Miércoles 31 de octubre de 2018
Gonzalo Rojas
La fórmula 'populismo de derecha' pierde toda su fuerza si se contrastan los modos en que una verdadera derecha debe comportarse con las fórmulas que el populismo habitualmente usa.
Mauricio Rojas, en su excelente "La democracia asediada", y Cas Mudde con Cristóbal Rovira, en "Populism", nos entregan los elementos que permiten entender qué es el populismo.
A su vez, en el plano de la divulgación política, los partidarios de un supuesto populismo de derecha nos dejan en claro qué quieren decir: su objetivo es básicamente contradecir todo lo que los populismos de izquierda -o los gobiernos de izquierda, simplemente- procuran y producen: aumento del conflicto social, crecimiento explosivo del Estado, agresivo desarrollo de la secularización, corrupción disfrazada de servicio al ciudadano, Estado de Derecho continuamente violado, economías destrozadas, pueblos gradualmente pauperizados...
Pero la fórmula "populismo de derecha" pierde toda su fuerza si se contrastan los modos en que una verdadera derecha debe comportarse con las fórmulas que el populismo habitualmente usa. Y se concluye: no, no son dos términos verdaderamente compatibles si se afina en el contenido de cada uno.
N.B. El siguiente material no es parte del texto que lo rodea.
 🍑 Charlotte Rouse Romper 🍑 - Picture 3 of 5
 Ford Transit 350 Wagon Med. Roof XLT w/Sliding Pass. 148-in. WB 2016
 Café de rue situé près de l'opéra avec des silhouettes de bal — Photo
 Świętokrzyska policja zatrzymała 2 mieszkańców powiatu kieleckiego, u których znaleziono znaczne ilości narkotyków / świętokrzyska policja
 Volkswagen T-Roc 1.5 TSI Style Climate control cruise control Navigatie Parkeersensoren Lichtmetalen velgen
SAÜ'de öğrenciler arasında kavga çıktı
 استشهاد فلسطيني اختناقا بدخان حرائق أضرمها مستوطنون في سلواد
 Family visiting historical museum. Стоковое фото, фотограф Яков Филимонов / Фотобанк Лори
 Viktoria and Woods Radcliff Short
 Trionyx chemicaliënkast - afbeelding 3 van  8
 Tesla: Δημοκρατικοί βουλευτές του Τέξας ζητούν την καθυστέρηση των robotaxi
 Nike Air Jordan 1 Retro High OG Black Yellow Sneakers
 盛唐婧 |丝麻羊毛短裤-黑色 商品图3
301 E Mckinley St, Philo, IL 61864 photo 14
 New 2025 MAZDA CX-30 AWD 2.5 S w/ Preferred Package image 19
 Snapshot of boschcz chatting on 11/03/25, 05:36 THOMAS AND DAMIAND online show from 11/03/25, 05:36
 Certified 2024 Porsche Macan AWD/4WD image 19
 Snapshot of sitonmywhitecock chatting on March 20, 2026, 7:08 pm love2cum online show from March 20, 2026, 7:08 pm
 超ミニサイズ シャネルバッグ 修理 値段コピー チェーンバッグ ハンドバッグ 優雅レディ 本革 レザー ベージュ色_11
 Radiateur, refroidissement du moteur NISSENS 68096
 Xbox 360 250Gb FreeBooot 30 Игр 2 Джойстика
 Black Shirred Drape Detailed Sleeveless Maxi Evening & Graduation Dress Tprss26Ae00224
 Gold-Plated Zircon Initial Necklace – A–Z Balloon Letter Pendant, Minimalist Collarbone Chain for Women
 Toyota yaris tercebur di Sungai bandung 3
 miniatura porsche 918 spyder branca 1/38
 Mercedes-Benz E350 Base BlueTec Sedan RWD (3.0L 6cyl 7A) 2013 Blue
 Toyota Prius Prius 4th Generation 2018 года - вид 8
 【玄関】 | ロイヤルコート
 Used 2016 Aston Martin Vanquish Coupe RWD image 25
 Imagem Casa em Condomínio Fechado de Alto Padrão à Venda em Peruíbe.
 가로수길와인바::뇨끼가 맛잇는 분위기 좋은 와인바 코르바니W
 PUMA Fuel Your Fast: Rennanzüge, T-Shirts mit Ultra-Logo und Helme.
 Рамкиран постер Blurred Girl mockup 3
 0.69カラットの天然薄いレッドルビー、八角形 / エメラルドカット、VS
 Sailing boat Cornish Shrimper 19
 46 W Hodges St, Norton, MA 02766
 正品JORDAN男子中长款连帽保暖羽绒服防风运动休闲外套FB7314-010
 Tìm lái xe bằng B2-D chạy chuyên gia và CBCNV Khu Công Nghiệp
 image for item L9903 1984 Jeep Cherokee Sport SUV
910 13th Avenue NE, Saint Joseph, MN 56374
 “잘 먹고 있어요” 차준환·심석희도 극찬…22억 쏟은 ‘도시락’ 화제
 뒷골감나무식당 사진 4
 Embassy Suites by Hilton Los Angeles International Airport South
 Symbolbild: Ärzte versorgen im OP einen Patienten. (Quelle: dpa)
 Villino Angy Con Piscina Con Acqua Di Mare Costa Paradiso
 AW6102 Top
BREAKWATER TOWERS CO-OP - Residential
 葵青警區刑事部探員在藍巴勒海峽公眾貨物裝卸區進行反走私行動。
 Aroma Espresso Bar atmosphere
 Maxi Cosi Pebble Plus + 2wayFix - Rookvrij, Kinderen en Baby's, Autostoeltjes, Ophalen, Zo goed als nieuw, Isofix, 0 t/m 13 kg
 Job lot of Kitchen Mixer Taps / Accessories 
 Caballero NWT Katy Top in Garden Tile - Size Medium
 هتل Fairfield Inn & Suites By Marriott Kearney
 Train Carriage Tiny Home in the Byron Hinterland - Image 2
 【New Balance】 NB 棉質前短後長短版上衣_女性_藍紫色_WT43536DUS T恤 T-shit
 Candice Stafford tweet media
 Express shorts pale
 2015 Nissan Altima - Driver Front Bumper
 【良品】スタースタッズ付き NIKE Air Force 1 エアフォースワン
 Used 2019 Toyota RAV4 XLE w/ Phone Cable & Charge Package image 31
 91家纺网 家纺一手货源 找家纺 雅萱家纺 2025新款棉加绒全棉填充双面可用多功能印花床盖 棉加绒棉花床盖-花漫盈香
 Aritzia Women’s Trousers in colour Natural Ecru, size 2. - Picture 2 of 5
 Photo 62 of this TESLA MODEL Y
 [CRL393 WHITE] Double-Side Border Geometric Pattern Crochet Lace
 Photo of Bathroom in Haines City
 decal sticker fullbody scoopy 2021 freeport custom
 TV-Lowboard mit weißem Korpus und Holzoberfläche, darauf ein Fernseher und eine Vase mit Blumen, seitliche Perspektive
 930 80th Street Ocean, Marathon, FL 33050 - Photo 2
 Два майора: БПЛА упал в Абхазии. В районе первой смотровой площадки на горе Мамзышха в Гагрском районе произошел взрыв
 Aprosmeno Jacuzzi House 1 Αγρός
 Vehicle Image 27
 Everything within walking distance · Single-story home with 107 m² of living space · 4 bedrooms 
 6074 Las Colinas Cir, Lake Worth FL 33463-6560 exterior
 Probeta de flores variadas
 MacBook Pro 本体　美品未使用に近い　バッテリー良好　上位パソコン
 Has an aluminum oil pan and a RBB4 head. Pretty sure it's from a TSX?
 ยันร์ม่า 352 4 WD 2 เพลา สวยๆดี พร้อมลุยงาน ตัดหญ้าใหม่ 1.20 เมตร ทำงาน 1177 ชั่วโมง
Por cierto, los planos de comparación son diversos: a la derecha le pedimos lo mejor de sí misma -en cuanto proyecto-, mientras que al populismo apenas se lo puede mirar en su burda praxis, justamente porque es solo eso: craso ejercicio del poder revestido de un aura mesiánica.
La derecha debe hablar siempre con la verdad, por la simple razón de que sigue creyendo en su existencia y en la fuerza de su evidencia; el populismo, por el contrario, adapta desde el poder los mensajes que emite con el fin de encandilar o apaciguar, según las necesidades de gobierno.
Para la derecha es imperativo el respeto a cada persona en la riqueza de su individualidad y de sus vínculos familiares y asociativos, pero el populismo, por su parte, procura enfocar su acción en los grandes números, en las masas indiferenciadas, a las que se dirige combinando el peso numérico de las encuestas con lo afectivo de los mensajes seductores.
Como consecuencia de lo anterior, la derecha debe procurar siempre el despliegue de la subsidiariedad, porque está convencida del valor de las iniciativas personales y asociativas, del riquísimo mundo de lo intermedio; al populismo, de modo opuesto, le interesa un contacto directo y de carácter asistencialista con las multitudes necesitadas, para hacer imprescindible la permanencia en el poder del dadivoso líder.
La derecha se impone a sí misma altos criterios de virtud con los que pide ser juzgada -especialmente en sus liderazgos concretos-, mientras que el populismo despliega todos los recursos para mantener los carismas del líder como el principal activo de su forma de gobernar. Si es necesario, el populismo cultiva la extravagancia del gobernante con tal de marcar su supuesto atractivo.
Los deberes estarán siempre presentes en el lenguaje político de la derecha, a la que le repugna un clamor unilateral por los derechos; al revés, para el populismo, nada es más atractivo que tocar la fibra del egoísmo humano, prometiéndole el despliegue autorizado de todas sus potencialidades bajo el rótulo de recuperación de lo que alguien le ha quitado. Para eso, el populismo necesita un Estado grande, tan grande como las aspiraciones infinitas de un pueblo excitado.
Y, finalmente, pobre derecha, porque si es sincera, reconocerá siempre que lo difícil cuesta mucho tiempo, y quizás no resulte. La gran ventaja del populismo consiste en que prometerá el éxito a la vuelta de la esquina... aunque sepa que la cuadra a recorrer antes de llegar a ese punto es larga, muy larga.